In contrast, says Prof. Yossi Katz of Bar-Ilan University near Tel Aviv, the Gaza settlers generally come from so-called development towns in the south: places where immigrants from Eastern countries were sent. They went to Gaza, he says, mainly in search of a better quality of life, and not out of any core beliefs about Gaza being part of the Promised Land of "Greater Israel."
"This is a real gap," says Mr. Katz, a geopolitics expert. "The people who are coming to Gaza from Judea and Samaria [the West Bank] and from inside the Green Line [Israel's pre-1967 borders], are people who think this is the first stage before the next stage of withdrawals. They're trying to cope with this issue from an ideological point of view ... but people in Gush Katif are not there for such strong ideological reasons."
For these activists, he says, the disengagement plan is a "real threat" against everything they hold dear. "This is a real battle against the ideology that Sharon has adopted, in contrast with theirs."
The result, he expects, will likely add up to more violence - and more trouble for Sharon's disengagement plan, with incumbent effects on Israeli-Palestinian relations. "There is a real ideological crisis going on ... and in a deep mental crisis you never know what people will do," he adds. "It's like the end of the world for some people."
Of course, not everyone is acting as if the end is near. Some of the neosettlers who have moved into Gaza to oppose the pullout say they are making a statement - a nonviolent one - with their very presence here.

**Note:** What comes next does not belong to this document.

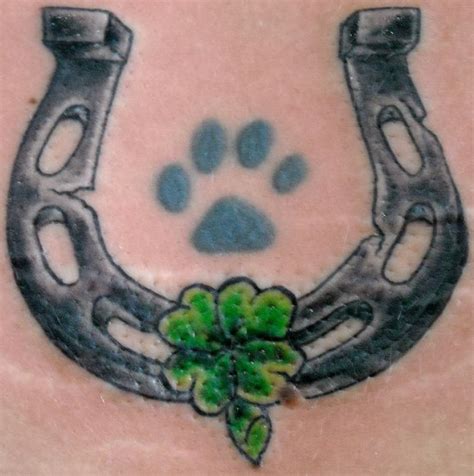 Massive Collection Of Best Horseshoes Tattoo Designs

"We came just last week," says Rivka Deutsch, a Jerusalemite who was watching the weapon-return ceremony. She, along with her husband and small children, moved to a bomb shelter in Netzer Hazani to protest the disengagement. About half of the settlement, she says, is now populated with people from somewhere else. "We'll stay, for however long it takes," she says.
At the same time, she feels bad for the people here, she says. After all, she'll probably be back in her apartment in Jerusalem next month. That means that some, perhaps many people, realize that disengagement will happen regardless of how many activists show up.